Pell's Equation and Beyond

(Jit here). Today I am going to write about the Pell's equation $x^2 - dy^2 = 1$, which hopefully should be familiar to readers, and about generalizations of it to higher degrees. Let's first review some facts about the integer solutions of a Pell's equation.

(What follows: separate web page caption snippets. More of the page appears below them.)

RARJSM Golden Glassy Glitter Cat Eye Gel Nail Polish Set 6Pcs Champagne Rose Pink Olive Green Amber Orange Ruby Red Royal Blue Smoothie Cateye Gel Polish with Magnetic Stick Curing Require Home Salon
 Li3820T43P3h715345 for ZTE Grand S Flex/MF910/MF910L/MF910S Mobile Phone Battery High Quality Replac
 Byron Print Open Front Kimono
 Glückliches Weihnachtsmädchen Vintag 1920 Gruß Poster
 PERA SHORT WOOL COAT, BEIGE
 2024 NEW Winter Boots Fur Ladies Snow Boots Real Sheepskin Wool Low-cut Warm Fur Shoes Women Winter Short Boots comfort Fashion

By negating $x$ and $y$, we can focus on the solutions with $(x,y)$ being positive integers. If $d$ is a perfect square, then we can factorize the equation into $(x- \sqrt{d}y)(x + \sqrt{d}y) = 1$ and it is easy to solve for all solutions. Else if $d$ is not a perfect square, then there exists a solution $(x_0,y_0)$ that is minimal among all positive integers, say arranged by either size of $x$ or $y$, and more importantly one can generate all other solutions $(x_n,y_n)$ by the formula 

$$x_n + y_n \sqrt{d} = (x_0 + y_0 \sqrt{d})^n.$$

Most of you who are in national team (or even senior team) should at least know these facts but have no idea how to prove them. Let's try to prove them now. The first step is to view solving the equation $x^2 - dy^2 = 1$ from a different point of view. Consider the set 

$$\mathbb{Z}[\sqrt{d}] = \{a + b \sqrt{d} \mid a,b \in \mathbb{Z}\}.$$ 

This is closed under addition and multiplication and forms what we call a ring, but that is not really important. The important thing is that there is a notion of a norm, which we denote by $N( \cdot )$, which define as

$$N(a + b \sqrt{d}) = (a+b \sqrt{d})(a - b \sqrt{d}) = 1.$$

Thus solving the Pell's equation is equivalent to solving $N(a + b \sqrt{d}) = 1$. It might not seem we did anything useful, but the interesting thing about the norm is that it is multiplicative; i.e. 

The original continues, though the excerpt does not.